Set down nothing but the lines from the one containing "Glacier National Park" to the final line of the material, exactly as written, and drop the pictures.

DATA SECTION:

┄┄┄┄┄┄┄┄┄┄

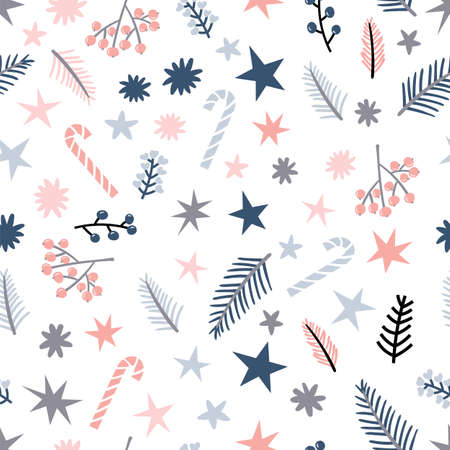 Christmas seamless pattern with stars. Happy New Year. Cartoon decoration. Vector illustrationのイラスト素材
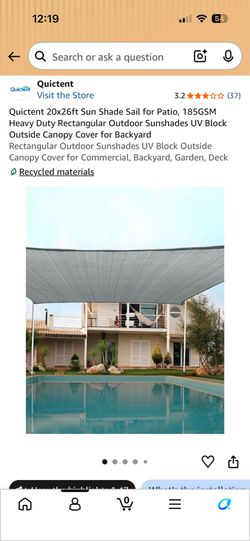 Free shade sail out of package no hardware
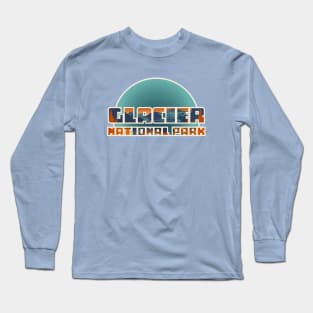 Glacier National Park Retro Art Long Sleeve T-Shirt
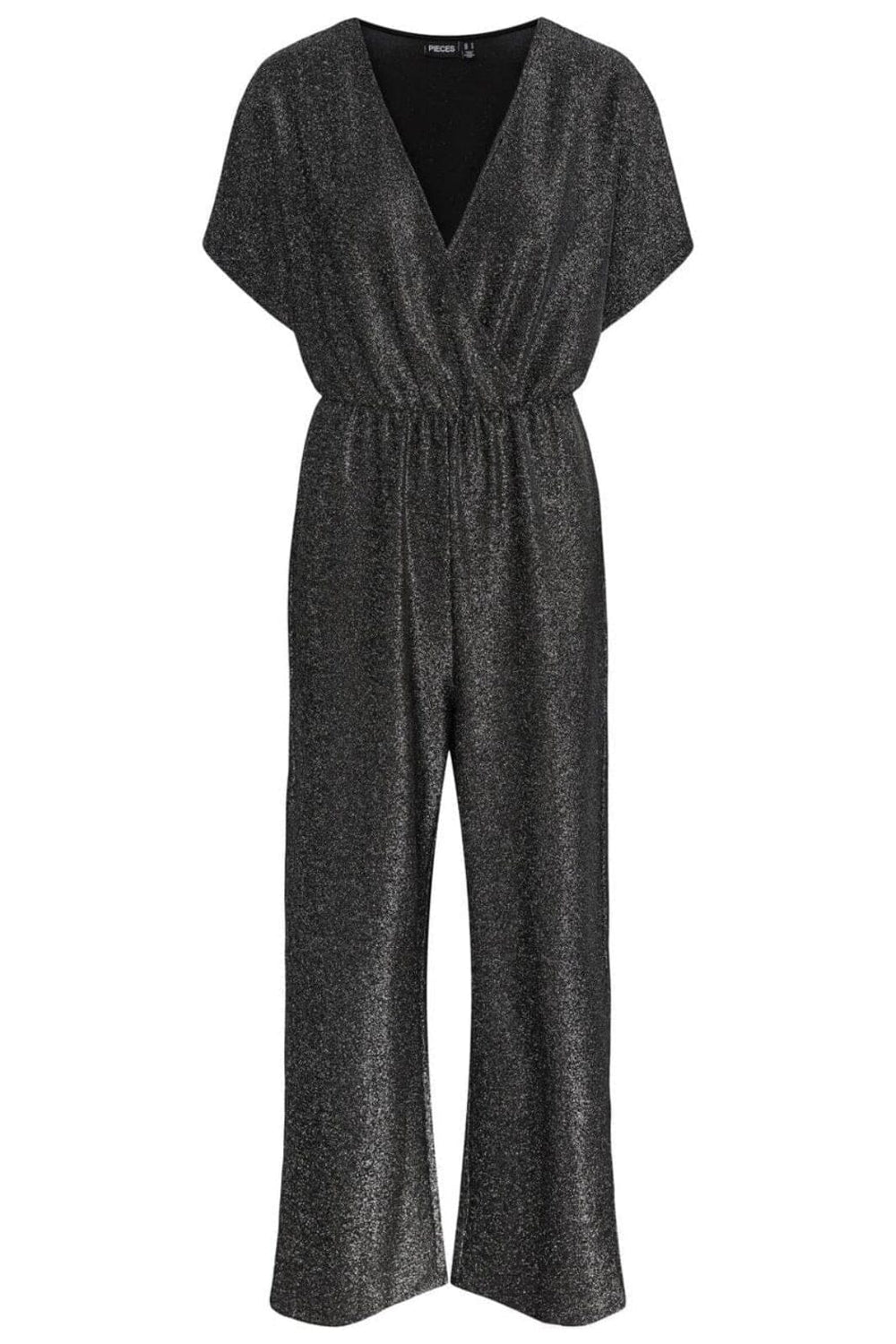 Pieces - Pcserina Ss Wrap Jumpsuit - 4348991 Black Silver Glitter Buksedragter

┄┄┄┄┄┄┄┄┄┄

COMPLETED TASK:
 Glacier National Park Retro Art Long Sleeve T-Shirt
 Pieces - Pcserina Ss Wrap Jumpsuit - 4348991 Black Silver Glitter Buksedragter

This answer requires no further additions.